## Problem details
In the records below, one line contains "تصویر مغز مداد پنج دهم". Print that line and every line after it exactly, down to the final one.

[Data records]
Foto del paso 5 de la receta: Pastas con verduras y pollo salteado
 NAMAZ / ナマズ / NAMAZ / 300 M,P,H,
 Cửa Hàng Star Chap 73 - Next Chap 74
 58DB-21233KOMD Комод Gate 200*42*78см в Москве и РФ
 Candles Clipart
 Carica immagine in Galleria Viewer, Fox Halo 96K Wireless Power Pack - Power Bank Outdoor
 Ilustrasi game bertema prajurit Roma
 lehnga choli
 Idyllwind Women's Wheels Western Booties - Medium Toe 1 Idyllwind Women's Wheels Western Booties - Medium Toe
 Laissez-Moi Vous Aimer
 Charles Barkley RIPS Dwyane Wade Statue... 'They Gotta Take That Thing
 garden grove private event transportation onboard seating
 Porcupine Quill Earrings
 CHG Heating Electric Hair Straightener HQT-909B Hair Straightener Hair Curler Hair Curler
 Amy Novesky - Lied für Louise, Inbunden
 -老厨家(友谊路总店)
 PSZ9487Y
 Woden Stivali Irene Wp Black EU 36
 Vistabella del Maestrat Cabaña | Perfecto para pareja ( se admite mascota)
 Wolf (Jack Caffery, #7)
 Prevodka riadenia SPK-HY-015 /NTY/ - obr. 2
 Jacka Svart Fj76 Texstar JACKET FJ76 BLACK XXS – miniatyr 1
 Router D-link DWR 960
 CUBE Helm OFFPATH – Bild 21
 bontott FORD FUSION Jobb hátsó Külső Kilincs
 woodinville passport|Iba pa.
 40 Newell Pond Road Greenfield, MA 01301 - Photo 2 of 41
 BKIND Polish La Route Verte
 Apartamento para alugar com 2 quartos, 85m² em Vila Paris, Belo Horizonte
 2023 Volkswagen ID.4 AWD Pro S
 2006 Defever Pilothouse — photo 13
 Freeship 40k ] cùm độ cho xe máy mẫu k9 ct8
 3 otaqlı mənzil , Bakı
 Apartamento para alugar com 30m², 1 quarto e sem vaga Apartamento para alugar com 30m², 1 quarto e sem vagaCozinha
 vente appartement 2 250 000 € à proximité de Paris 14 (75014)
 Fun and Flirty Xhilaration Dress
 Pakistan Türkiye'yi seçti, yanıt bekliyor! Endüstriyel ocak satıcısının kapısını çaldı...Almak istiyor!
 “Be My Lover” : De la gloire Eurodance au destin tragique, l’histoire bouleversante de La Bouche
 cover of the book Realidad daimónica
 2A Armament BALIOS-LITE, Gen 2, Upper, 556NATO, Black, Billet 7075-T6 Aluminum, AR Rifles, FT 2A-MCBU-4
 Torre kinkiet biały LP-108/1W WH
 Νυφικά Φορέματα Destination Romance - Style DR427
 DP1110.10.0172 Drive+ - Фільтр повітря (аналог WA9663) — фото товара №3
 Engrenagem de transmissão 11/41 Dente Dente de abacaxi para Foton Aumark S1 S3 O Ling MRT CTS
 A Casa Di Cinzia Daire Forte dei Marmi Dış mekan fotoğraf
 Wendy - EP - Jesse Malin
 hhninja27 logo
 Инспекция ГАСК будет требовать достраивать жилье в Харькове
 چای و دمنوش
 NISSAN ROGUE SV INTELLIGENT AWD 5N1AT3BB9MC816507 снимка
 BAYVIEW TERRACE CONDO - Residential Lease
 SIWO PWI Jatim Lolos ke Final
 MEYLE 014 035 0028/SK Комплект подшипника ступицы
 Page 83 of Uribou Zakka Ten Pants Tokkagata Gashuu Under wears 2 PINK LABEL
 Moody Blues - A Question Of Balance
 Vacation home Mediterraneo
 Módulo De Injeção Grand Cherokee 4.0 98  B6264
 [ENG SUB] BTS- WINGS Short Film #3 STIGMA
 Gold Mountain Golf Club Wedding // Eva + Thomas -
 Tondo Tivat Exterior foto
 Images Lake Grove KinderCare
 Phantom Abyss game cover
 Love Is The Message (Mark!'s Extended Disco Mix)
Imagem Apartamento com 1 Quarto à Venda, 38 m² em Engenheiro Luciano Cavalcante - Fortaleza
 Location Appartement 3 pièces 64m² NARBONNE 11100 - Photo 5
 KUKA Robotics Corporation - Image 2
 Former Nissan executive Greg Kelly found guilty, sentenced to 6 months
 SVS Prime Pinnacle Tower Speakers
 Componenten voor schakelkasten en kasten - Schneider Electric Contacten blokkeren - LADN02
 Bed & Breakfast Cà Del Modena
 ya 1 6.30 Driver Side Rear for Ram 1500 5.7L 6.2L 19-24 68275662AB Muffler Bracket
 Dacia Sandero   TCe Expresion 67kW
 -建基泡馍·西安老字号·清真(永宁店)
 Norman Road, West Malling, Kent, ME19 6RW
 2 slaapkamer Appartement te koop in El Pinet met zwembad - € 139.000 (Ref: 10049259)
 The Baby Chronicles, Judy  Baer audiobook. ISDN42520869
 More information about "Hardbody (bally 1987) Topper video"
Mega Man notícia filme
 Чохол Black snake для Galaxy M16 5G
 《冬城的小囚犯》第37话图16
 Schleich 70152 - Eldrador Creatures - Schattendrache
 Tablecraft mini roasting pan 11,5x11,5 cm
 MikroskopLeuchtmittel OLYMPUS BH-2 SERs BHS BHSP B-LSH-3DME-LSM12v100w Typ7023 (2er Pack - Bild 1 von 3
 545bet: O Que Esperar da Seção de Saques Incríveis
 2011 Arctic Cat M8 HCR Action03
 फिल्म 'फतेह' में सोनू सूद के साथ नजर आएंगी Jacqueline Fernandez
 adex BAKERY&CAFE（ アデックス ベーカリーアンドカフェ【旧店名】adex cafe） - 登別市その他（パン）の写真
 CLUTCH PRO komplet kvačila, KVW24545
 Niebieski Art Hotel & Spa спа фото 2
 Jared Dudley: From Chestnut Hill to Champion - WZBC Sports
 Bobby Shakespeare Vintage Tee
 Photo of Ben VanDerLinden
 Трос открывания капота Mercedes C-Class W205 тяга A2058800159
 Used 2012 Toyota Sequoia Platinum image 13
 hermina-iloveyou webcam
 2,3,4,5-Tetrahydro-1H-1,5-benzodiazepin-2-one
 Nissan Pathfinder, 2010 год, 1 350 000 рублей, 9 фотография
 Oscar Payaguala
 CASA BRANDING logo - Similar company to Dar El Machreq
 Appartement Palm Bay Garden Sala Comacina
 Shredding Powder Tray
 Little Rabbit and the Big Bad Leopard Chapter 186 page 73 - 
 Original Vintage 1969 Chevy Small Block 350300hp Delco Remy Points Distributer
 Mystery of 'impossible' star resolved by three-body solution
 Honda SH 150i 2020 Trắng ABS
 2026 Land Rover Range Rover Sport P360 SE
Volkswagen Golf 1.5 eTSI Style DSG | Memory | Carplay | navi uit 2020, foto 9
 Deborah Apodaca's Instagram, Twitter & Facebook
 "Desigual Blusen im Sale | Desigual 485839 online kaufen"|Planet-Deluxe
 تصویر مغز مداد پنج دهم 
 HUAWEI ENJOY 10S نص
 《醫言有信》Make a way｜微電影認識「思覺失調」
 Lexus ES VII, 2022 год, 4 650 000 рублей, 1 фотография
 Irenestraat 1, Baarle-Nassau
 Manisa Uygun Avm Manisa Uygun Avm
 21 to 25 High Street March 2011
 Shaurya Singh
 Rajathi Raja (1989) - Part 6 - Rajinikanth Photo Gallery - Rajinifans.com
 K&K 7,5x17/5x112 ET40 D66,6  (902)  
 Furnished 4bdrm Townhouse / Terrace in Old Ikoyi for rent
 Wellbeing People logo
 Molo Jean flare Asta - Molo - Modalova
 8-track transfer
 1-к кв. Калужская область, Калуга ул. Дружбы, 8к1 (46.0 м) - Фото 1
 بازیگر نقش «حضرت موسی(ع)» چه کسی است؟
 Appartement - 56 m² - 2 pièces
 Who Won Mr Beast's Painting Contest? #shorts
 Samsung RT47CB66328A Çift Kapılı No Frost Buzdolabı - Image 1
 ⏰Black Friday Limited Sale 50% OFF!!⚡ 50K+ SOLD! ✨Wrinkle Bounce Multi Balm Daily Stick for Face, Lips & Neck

## Task solution
 تصویر مغز مداد پنج دهم 
 HUAWEI ENJOY 10S نص
 《醫言有信》Make a way｜微電影認識「思覺失調」
 Lexus ES VII, 2022 год, 4 650 000 рублей, 1 фотография
 Irenestraat 1, Baarle-Nassau
 Manisa Uygun Avm Manisa Uygun Avm
 21 to 25 High Street March 2011
 Shaurya Singh
 Rajathi Raja (1989) - Part 6 - Rajinikanth Photo Gallery - Rajinifans.com
 K&K 7,5x17/5x112 ET40 D66,6  (902)  
 Furnished 4bdrm Townhouse / Terrace in Old Ikoyi for rent
 Wellbeing People logo
 Molo Jean flare Asta - Molo - Modalova
 8-track transfer
 1-к кв. Калужская область, Калуга ул. Дружбы, 8к1 (46.0 м) - Фото 1
 بازیگر نقش «حضرت موسی(ع)» چه کسی است؟
 Appartement - 56 m² - 2 pièces
 Who Won Mr Beast's Painting Contest? #shorts
 Samsung RT47CB66328A Çift Kapılı No Frost Buzdolabı - Image 1
 ⏰Black Friday Limited Sale 50% OFF!!⚡ 50K+ SOLD! ✨Wrinkle Bounce Multi Balm Daily Stick for Face, Lips & Neck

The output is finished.